— ACTIVITY —
Apart from the pictures, reproduce the data below exactly as it stands.

(Caption-style text data)
>>>

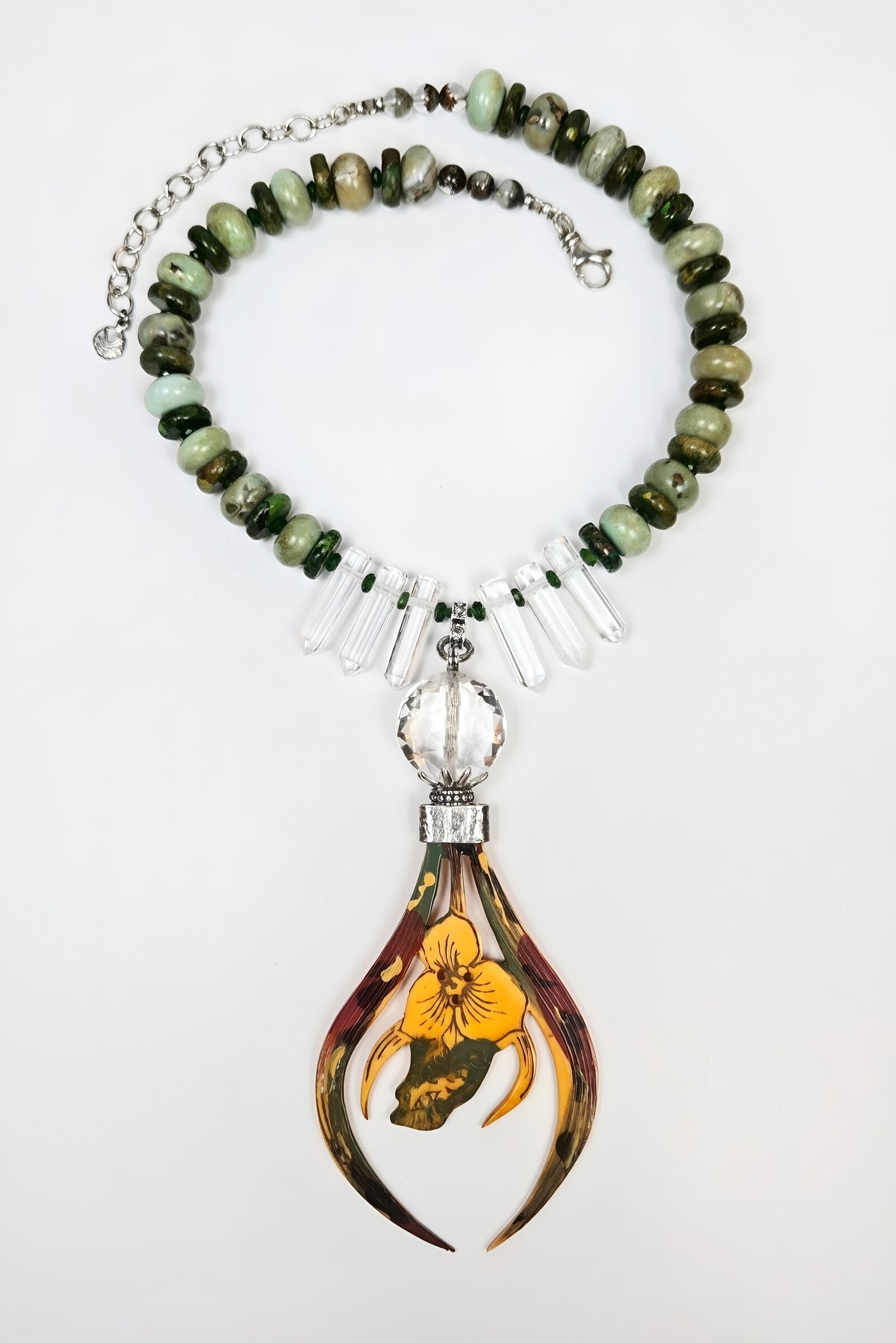 Mira Necklace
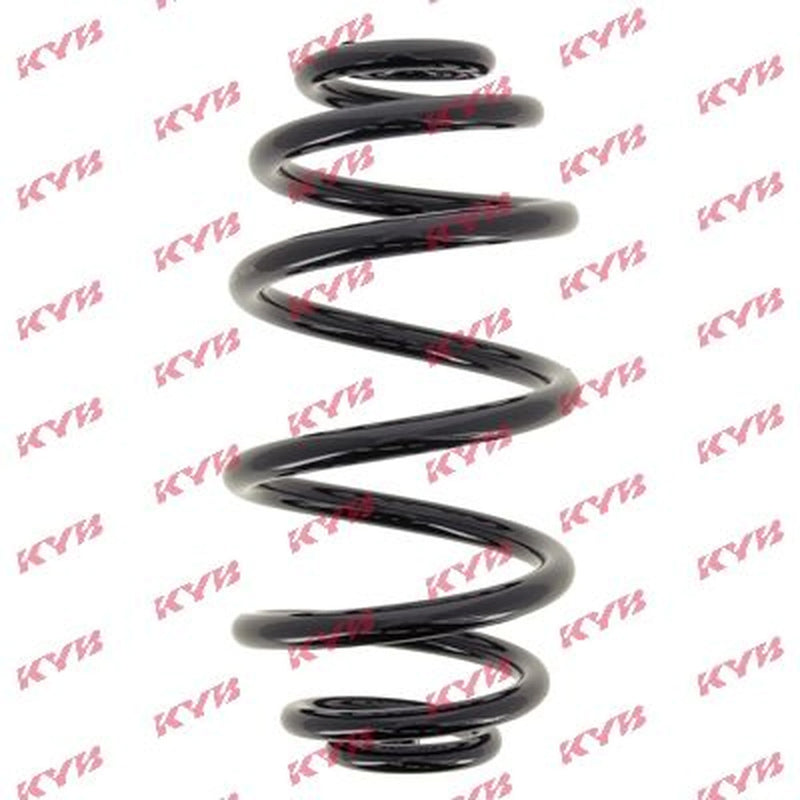 KYB Rear Suspension Coil Spring RJ5551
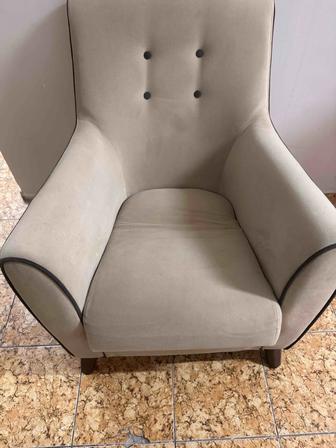 Продам кресло в хорошем состоянии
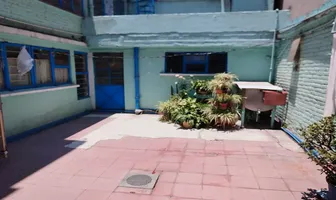 Foto de inmueble en Sin nombre de calle, Col. Roma Sur C.P. 06760, Cuauhtémoc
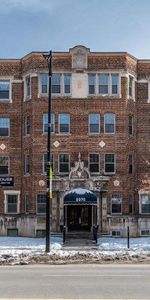 2 CH - 1 SDB - Montréal - $2,850 /mo - Photo 3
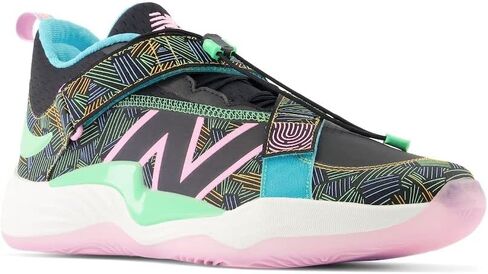 نيو بلانس حذاء بيسبول ليندور في 2 تيرف للبالغين من الجنسين من فيول سيل in Kuwait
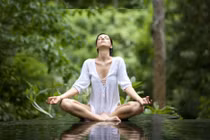 Khai mở khí lực toàn thân giúp cơ thể khỏe mạnh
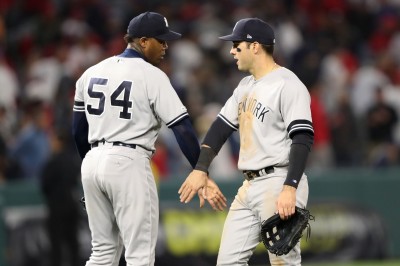 洋基6連勝 今日MLB戰績 洋基6連勝 今日MLB戰績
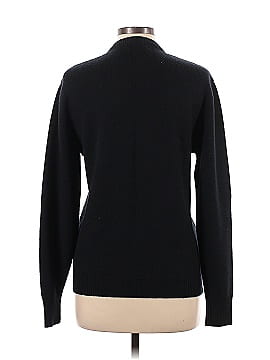 Neiman Marcus Cashmere Cardigan (view 2)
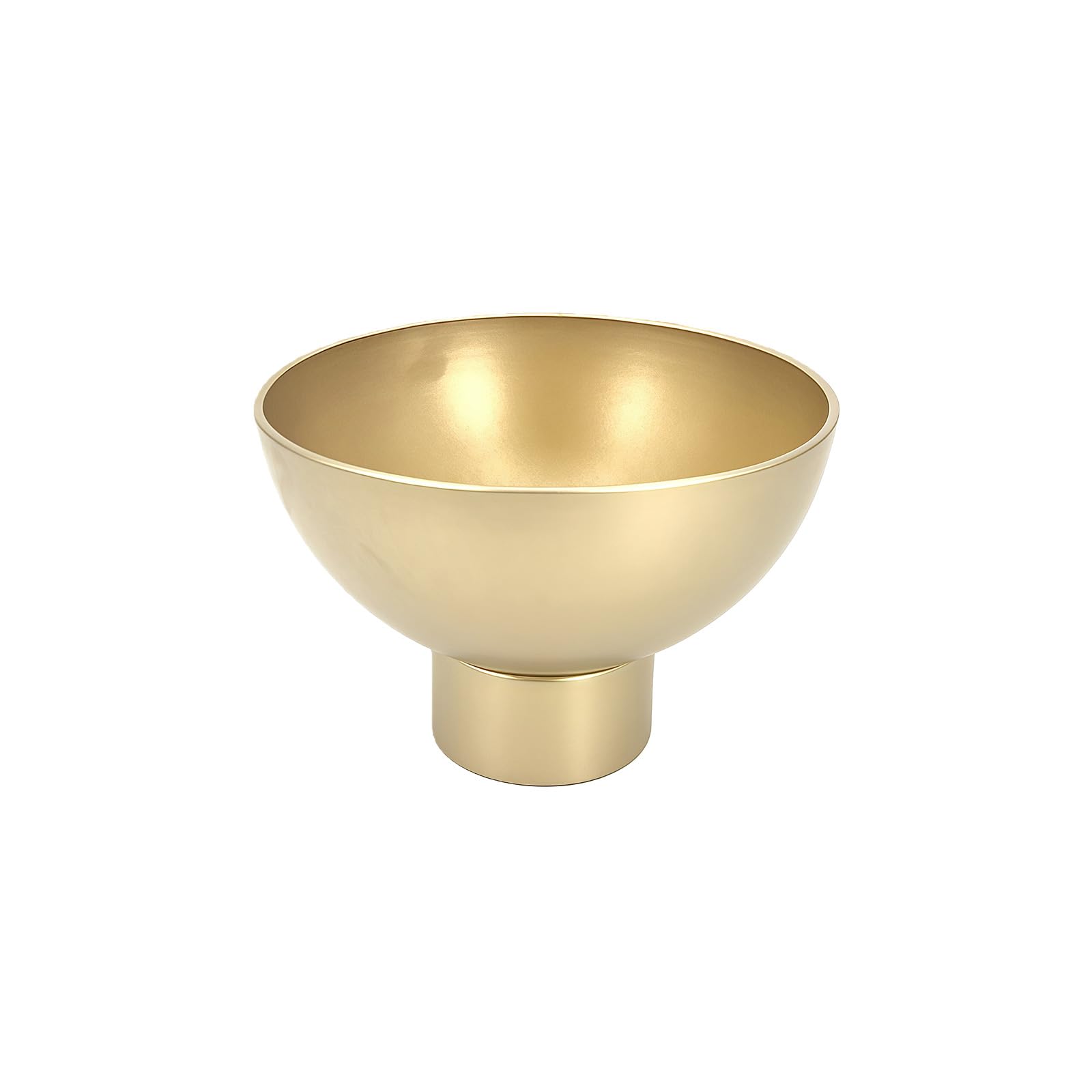 Container Garden Planter Flower Vase Plant Container for Tabletop Wedding Party Indoor Metal Vase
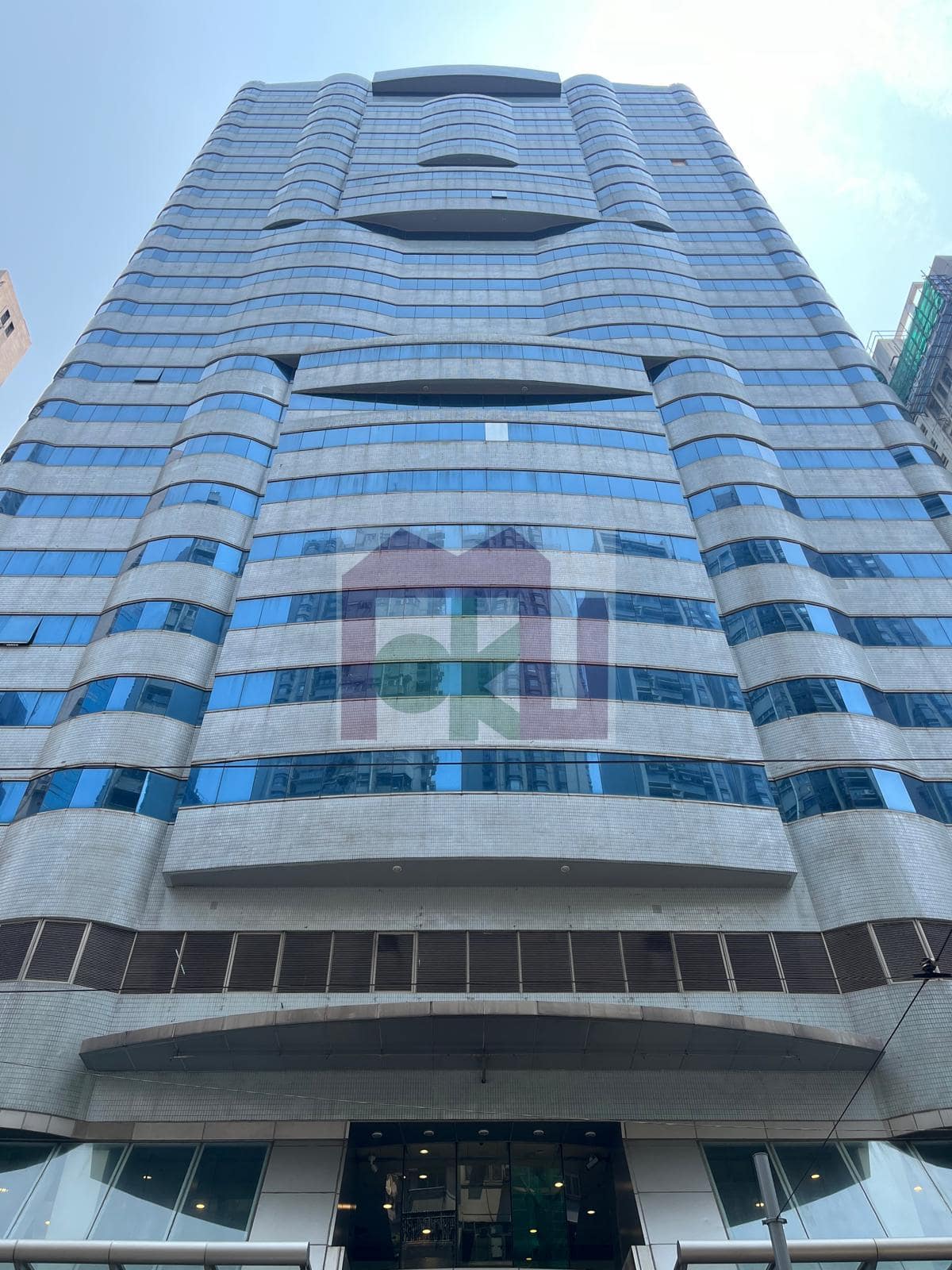 Tung Che Commercial Centre - Sai Ying Pun Office for Rent | Moku Property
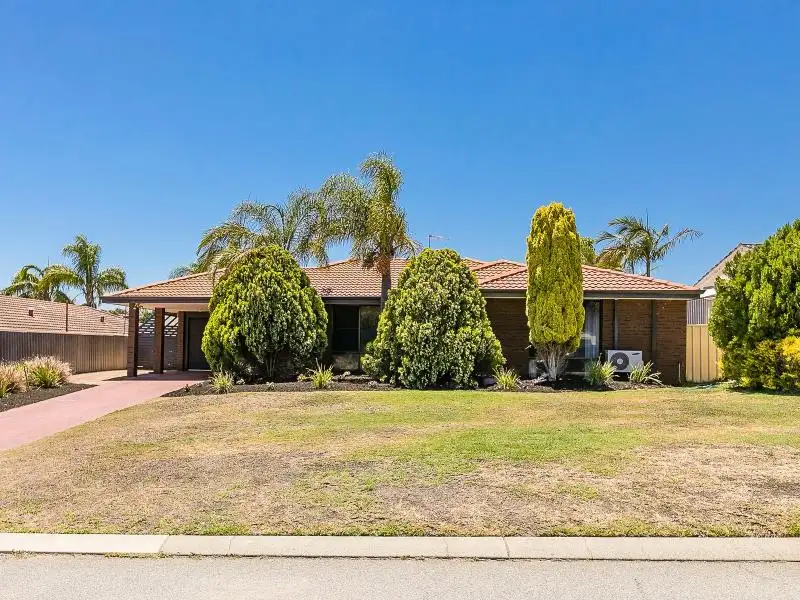 Main view of Homely house listing, 6 Harrow Weald Way, Kingsley WA 6026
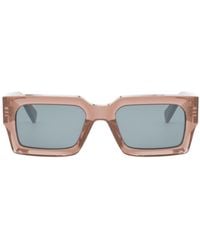 Celine - Square Sunglasses - Lyst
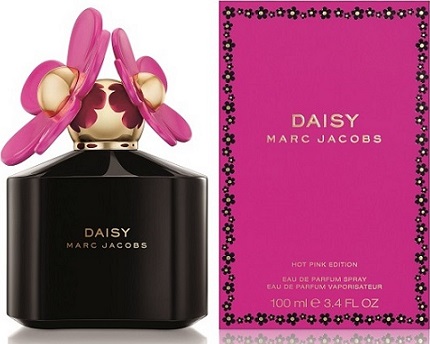 Marc Jacobs Daisy Hot Pink ni parfm   50ml EDT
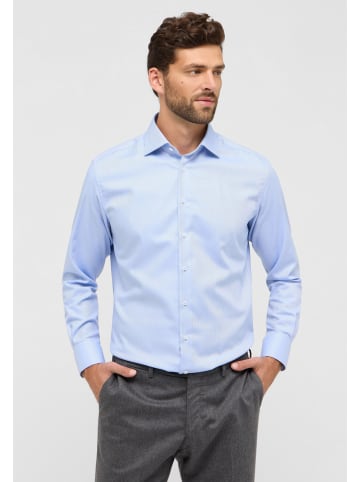 Eterna Hemd - Modern fit - in Hellblau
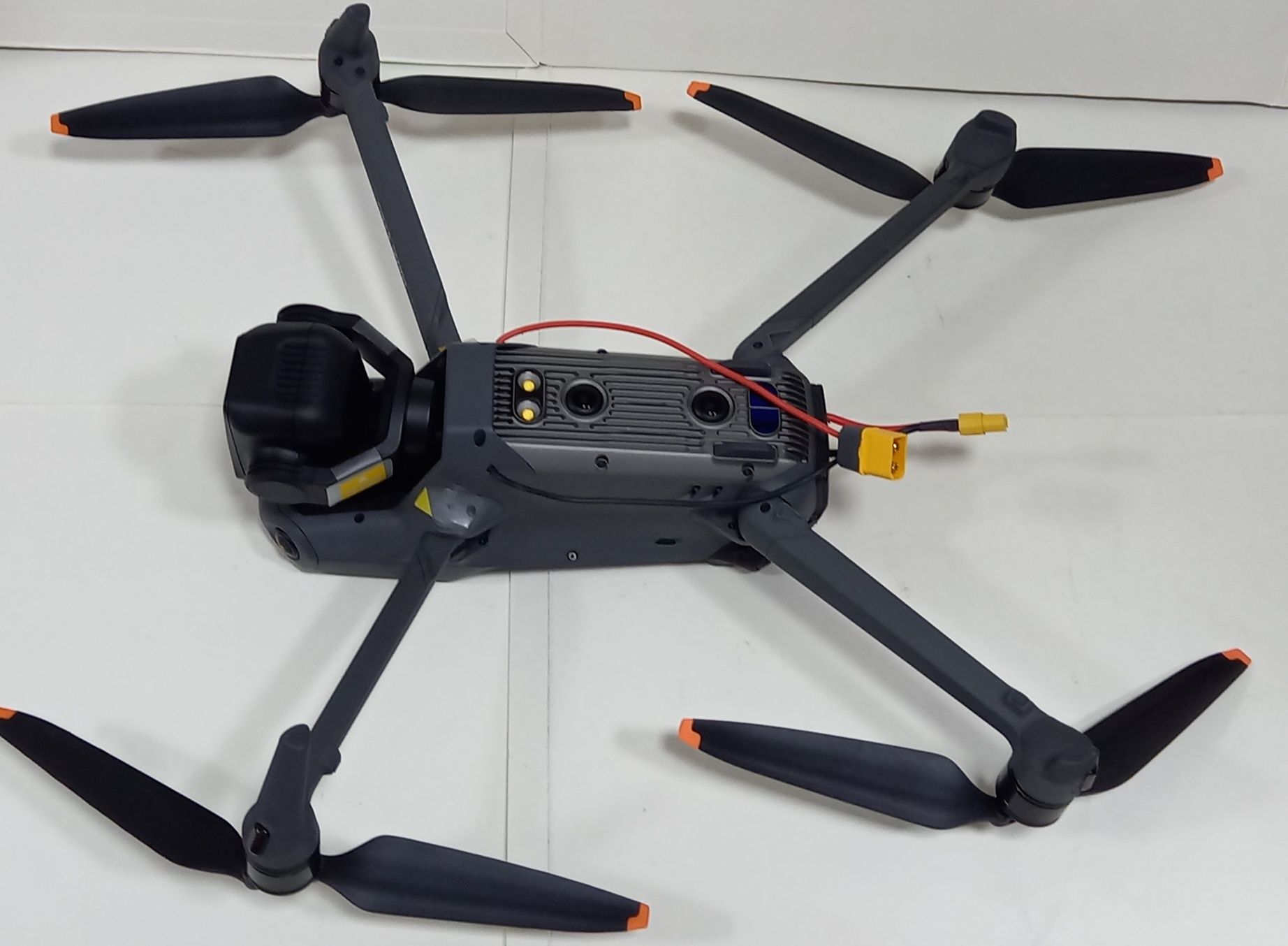 Квадрокоптер DJI Mavic 3 Pro (Model L25)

<<<

— OUTPUT OF THE TASK —
 Mira Necklace
 KYB Rear Suspension Coil Spring RJ5551
 Продам кресло в хорошем состоянии
 Foto de inmueble en Sin nombre de calle, Col. Roma Sur C.P. 06760, Cuauhtémoc
 2 CH - 1 SDB - Montréal - $2,850 /mo - Photo 3
 نيو بلانس حذاء بيسبول ليندور في 2 تيرف للبالغين من الجنسين من فيول سيل in Kuwait
 Khai mở khí lực toàn thân giúp cơ thể khỏe mạnh
 洋基6連勝 今日MLB戰績 洋基6連勝 今日MLB戰績
 Neiman Marcus Cashmere Cardigan (view 2)
 Container Garden Planter Flower Vase Plant Container for Tabletop Wedding Party Indoor Metal Vase
 Tung Che Commercial Centre - Sai Ying Pun Office for Rent | Moku Property
 Main view of Homely house listing, 6 Harrow Weald Way, Kingsley WA 6026
 Celine - Square Sunglasses - Lyst
 Marc Jacobs Daisy Hot Pink ni parfm   50ml EDT
 Eterna Hemd - Modern fit - in Hellblau
 Квадрокоптер DJI Mavic 3 Pro (Model L25)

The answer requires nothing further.